4. Collaboration and Coordination: Strengthen collaboration and coordination between M-CHWs, health centers, and district hospitals. This can help improve the referral system and ensure that pregnant women receive timely and appropriate care throughout the continuum of maternal health services.

5. Community Engagement: Engage the community in the planning, implementation, and monitoring of maternal health programs. This can help raise awareness, address cultural barriers, and promote community ownership of maternal health initiatives.

By implementing these recommendations, the role of M-CHWs in promoting access to maternal health services can be enhanced, leading to improved maternal health outcomes in Rwanda.
AI Innovations Methodology
Based on the provided information, here are some potential recommendations to improve access to maternal health:

1. Strengthening the training and capacity building of M-CHWs: Providing formal training and continuous education to M-CHWs on maternal health topics can enhance their knowledge and skills in providing adequate services. This can include training on prenatal care, safe delivery practices, postpartum care, and identifying high-risk pregnancies.

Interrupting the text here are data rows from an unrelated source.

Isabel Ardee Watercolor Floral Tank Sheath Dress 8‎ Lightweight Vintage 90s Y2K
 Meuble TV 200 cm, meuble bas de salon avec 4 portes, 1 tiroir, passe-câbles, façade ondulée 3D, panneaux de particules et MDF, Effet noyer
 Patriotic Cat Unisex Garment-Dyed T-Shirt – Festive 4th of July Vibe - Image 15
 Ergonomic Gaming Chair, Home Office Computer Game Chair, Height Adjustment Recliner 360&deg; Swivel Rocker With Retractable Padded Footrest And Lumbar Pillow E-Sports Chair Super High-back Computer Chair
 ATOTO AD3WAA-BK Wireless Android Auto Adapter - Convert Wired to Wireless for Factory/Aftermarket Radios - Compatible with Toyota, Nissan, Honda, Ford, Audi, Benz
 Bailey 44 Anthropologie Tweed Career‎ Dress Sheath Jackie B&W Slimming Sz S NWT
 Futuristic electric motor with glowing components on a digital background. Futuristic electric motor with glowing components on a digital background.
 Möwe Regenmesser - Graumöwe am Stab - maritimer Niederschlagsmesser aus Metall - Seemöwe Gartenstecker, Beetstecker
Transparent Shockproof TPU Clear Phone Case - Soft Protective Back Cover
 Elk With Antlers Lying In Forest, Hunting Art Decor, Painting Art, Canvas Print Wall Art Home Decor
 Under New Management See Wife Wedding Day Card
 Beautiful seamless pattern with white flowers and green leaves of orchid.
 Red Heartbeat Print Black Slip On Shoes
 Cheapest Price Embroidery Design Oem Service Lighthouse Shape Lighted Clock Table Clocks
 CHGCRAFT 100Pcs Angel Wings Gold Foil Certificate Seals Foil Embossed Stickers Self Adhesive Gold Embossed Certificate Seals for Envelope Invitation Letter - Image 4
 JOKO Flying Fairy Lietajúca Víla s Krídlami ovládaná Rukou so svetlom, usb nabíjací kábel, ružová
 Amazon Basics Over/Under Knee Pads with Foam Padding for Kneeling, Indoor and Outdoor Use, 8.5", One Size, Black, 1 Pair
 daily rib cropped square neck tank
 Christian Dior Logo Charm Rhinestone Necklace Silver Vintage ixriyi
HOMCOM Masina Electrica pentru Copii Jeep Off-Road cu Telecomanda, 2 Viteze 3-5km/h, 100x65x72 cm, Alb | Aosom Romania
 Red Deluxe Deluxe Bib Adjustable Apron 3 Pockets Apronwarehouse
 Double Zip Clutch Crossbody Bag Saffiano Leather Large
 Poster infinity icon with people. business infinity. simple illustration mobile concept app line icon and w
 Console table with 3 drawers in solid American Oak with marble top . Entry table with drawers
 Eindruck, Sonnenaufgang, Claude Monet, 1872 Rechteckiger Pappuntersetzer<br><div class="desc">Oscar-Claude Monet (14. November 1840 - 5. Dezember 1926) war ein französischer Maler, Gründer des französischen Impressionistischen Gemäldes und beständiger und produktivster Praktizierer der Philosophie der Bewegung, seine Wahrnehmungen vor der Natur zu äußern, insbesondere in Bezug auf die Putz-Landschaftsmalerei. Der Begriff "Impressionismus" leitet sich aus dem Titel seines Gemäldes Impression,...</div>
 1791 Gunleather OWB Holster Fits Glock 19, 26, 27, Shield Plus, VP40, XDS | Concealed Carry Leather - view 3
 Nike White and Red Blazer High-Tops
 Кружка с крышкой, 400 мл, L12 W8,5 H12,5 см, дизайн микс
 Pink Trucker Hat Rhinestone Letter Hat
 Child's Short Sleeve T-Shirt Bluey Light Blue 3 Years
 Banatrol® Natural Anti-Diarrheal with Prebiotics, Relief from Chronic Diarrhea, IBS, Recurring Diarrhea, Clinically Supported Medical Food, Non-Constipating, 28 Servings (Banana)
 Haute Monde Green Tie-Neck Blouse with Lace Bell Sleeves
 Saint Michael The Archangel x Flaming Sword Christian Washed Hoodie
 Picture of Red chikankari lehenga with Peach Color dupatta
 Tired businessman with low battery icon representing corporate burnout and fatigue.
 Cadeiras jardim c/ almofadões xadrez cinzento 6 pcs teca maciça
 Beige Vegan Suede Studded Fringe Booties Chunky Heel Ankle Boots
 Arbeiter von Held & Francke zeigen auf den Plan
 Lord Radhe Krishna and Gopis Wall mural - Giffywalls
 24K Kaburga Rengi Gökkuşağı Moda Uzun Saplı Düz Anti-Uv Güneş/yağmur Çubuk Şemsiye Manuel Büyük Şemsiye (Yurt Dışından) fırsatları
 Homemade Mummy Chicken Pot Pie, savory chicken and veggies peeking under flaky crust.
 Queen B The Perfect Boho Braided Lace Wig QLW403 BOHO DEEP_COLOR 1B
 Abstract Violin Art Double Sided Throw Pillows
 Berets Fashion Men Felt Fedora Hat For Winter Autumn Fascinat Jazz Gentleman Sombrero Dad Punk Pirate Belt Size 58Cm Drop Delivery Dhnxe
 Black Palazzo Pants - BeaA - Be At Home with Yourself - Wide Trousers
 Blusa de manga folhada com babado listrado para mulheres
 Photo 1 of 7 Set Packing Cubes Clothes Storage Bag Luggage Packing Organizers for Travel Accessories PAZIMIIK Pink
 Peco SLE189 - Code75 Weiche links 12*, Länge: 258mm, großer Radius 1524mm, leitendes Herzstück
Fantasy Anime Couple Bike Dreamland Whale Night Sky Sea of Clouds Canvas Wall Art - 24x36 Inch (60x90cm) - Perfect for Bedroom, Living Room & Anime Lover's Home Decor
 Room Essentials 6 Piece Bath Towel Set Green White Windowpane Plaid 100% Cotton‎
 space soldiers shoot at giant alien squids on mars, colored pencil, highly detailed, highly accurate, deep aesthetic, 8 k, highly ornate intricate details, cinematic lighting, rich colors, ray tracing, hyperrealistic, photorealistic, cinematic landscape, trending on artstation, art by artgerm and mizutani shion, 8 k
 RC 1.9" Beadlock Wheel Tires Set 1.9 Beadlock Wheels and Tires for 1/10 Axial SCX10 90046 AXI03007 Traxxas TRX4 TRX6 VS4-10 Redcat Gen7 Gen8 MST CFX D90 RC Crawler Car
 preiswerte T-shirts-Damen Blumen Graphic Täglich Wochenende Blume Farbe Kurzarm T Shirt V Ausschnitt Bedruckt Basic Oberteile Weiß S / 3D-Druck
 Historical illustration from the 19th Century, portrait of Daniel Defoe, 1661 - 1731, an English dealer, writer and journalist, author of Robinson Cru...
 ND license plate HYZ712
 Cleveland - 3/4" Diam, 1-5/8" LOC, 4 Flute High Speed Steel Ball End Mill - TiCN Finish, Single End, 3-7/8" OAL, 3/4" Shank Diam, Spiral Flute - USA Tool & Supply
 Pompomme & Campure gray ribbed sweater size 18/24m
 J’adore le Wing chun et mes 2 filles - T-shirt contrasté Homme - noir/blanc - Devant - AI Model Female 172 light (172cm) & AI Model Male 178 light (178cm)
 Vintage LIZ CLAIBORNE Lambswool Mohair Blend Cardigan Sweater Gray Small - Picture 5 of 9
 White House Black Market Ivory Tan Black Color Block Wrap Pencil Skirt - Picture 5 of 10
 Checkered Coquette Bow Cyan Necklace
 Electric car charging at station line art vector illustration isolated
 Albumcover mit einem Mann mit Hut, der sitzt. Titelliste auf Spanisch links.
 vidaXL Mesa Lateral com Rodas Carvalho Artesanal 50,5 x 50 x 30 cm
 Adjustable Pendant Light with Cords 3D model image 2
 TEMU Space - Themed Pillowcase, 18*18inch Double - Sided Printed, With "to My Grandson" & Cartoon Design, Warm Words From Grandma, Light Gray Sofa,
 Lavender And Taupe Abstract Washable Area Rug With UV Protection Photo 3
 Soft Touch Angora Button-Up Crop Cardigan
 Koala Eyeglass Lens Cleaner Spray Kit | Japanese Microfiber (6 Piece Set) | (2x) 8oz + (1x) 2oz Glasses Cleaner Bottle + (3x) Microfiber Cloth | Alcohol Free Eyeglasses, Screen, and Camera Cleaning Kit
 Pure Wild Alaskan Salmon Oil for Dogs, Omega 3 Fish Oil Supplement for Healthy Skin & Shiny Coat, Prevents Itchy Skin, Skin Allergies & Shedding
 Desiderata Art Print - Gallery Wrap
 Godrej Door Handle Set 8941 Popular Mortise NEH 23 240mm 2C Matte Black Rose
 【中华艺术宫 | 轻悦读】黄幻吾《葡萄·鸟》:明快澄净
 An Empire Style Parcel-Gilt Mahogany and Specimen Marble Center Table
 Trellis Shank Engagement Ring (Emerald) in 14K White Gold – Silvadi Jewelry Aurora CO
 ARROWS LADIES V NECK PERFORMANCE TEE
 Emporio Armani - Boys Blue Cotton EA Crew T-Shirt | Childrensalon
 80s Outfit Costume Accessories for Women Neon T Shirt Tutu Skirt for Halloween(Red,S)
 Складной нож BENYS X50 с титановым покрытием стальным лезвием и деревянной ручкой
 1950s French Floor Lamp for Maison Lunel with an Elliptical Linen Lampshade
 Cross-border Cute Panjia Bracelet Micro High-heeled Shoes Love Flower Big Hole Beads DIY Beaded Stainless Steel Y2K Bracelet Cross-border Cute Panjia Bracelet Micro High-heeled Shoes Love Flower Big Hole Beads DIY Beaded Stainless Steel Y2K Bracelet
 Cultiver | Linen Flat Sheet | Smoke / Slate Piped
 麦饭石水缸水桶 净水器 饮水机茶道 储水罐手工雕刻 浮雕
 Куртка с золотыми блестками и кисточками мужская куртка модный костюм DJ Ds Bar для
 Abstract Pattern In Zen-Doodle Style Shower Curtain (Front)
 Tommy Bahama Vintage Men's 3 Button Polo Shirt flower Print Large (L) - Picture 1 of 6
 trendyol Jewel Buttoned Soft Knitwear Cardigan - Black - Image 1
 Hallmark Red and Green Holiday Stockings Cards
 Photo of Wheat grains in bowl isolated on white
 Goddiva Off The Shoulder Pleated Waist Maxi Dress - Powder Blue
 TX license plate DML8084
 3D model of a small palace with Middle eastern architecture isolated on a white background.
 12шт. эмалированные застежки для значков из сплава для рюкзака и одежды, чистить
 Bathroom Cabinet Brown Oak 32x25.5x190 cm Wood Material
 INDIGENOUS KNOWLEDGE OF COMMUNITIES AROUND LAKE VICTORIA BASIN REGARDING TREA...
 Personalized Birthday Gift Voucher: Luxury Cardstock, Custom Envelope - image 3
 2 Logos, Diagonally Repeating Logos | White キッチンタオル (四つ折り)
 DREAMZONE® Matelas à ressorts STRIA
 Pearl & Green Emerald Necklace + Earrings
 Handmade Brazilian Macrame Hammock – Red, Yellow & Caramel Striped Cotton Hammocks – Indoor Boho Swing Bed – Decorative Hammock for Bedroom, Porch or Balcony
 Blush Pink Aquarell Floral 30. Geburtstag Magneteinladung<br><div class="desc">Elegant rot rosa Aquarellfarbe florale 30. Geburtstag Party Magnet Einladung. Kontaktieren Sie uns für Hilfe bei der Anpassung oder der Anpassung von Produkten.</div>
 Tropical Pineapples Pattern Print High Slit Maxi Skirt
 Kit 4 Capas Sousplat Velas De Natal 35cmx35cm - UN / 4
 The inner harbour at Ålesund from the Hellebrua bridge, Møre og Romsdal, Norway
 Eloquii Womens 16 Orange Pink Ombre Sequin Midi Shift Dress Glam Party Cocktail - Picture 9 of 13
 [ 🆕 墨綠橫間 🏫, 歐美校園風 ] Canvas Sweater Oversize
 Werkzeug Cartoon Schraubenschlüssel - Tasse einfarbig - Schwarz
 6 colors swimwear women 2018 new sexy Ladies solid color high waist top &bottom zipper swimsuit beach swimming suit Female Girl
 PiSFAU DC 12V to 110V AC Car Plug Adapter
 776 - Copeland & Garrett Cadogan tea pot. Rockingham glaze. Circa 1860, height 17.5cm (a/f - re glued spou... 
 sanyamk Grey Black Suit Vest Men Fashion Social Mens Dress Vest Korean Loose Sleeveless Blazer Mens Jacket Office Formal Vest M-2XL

2. Improving the availability and accessibility of resources: Ensuring that M-CHWs have access to necessary resources such as medical supplies, transportation, and communication tools can enhance their ability to provide quality maternal health services. This can involve establishing supply chains, providing vehicles or bicycles for transportation, and equipping M-CHWs with mobile phones for communication.

3. Strengthening collaboration and coordination between M-CHWs and health facilities: Establishing effective communication channels and referral systems between M-CHWs and health facilities can improve access to timely and appropriate maternal health care. This can involve regular meetings and trainings to enhance collaboration and ensure smooth referrals.

4. Engaging the community and raising awareness: Conducting community outreach programs and health education campaigns can raise awareness about the importance of maternal health and encourage women to seek care. This can involve organizing community meetings, distributing informational materials, and engaging community leaders and influencers.

To simulate the impact of these recommendations on improving access to maternal health, a methodology could include the following steps:

1. Define the indicators: Identify specific indicators that measure access to maternal health, such as the number of women receiving prenatal care, the percentage of deliveries attended by skilled birth attendants, or the distance traveled to reach a health facility.

2. Collect baseline data: Gather data on the current status of the indicators before implementing the recommendations. This can involve surveys, interviews, or data from health facilities and M-CHWs.

3. Implement the recommendations: Put the recommendations into action, ensuring that the necessary resources and support are provided.

4. Monitor and evaluate: Continuously monitor the progress and impact of the recommendations. Collect data on the indicators at regular intervals to assess any changes or improvements.

5. Analyze the data: Use statistical analysis or other evaluation methods to analyze the collected data and determine the impact of the recommendations on improving access to maternal health.

6. Draw conclusions and make recommendations: Based on the analysis, draw conclusions about the effectiveness of the recommendations and identify any areas that may require further improvement. Use the findings to make recommendations for future interventions or policy changes.

By following this methodology, it is possible to simulate the impact of the recommendations on improving access to maternal health and make informed decisions for further interventions.